Characterized by a flat roof line, heavy brackets, narrow windows and doorways.
Toward the end of this time period, this style also had bay windows.
Eastlake / Stick
This style gets its name from Sir Charles Eastlake, a prominent London furniture designer and author of "Hints on Household Taste". The book, which was the widely read and accepted tome on taste and behavior, taught restraint in design. His philosophy was not understood in the US and fanciful ornamentation became associated with his name here on the West Coast. During this time period, ornamentation became increasingly more elaborate. Numerous wood mills south of Market Street provided an endless array of turned-wood ornaments which were applied freely. More was better.
Very "boxy" angular feel, with a lot of applied vertical wood, which is the origin of the "stick" reference.
The name was taken from architect Norman Shaw's designs in England and has no relation to the eighteenth century British monarch.

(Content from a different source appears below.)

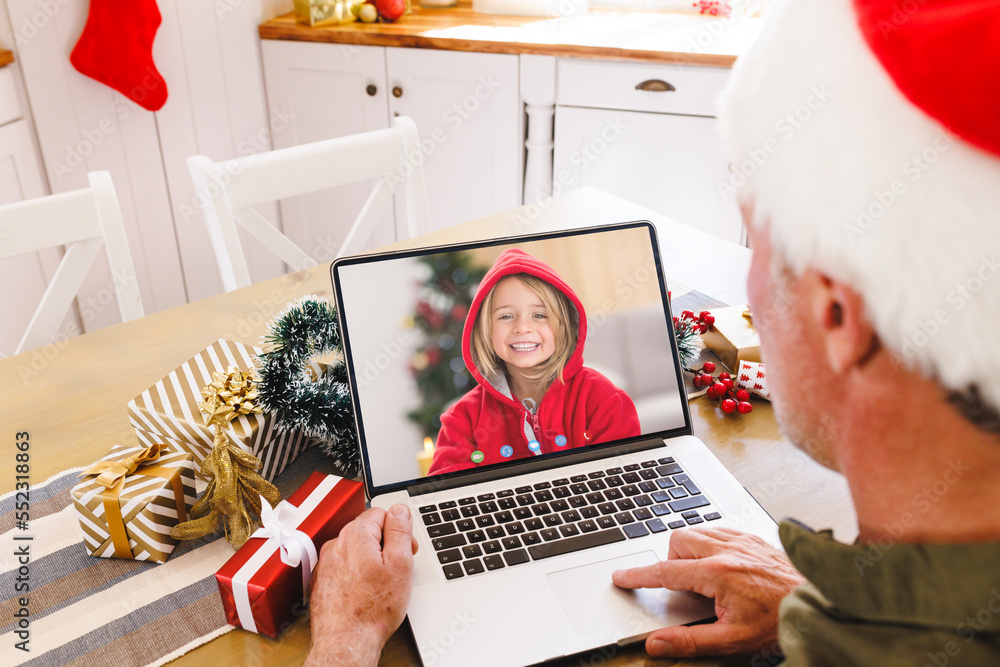 Senior caucasian man having christmas video call with caucasian girl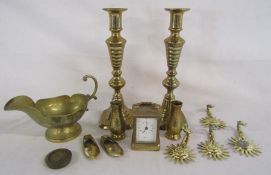 Collection of brassware including candlesticks and Angelus miniature battery clock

During this time period the technology of bending wood and glass in volume allowed the softer, rounded shapes of this style.

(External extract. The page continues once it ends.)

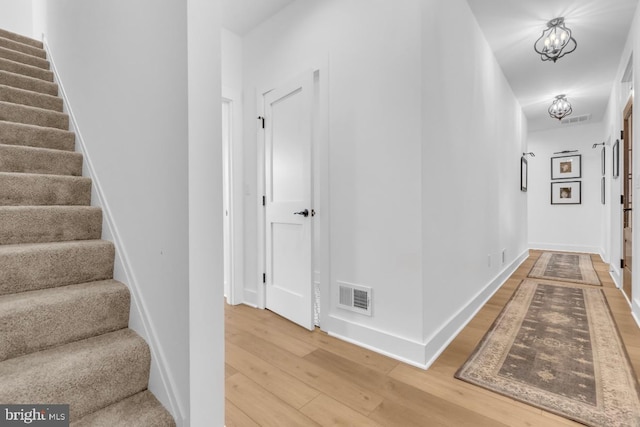 corridor with wood-type flooring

The Queen Anne is the quintessential San Francisco Victorian that everyone immediately imagines when hearing the reference. Rounded corner towers, enclosed porches, references to the classical past in ribbons, garlands, torches and beaded moldings are elements of this style.
King Edward VII succeeded Victoria and reigned from 1901 - 1910, defining the span of this period of styles. As discussed before in "The Victorian Era", Edwardian is not a style but a time period in which certain specific styles occured.
The "high" Victorians, with elaborate, sometimes wild, ornamentation peaked around 1888 here in the City. From that point on, there was a gradual move toward a more simple approach. This new restraint culminated during the "Edwardian reaction".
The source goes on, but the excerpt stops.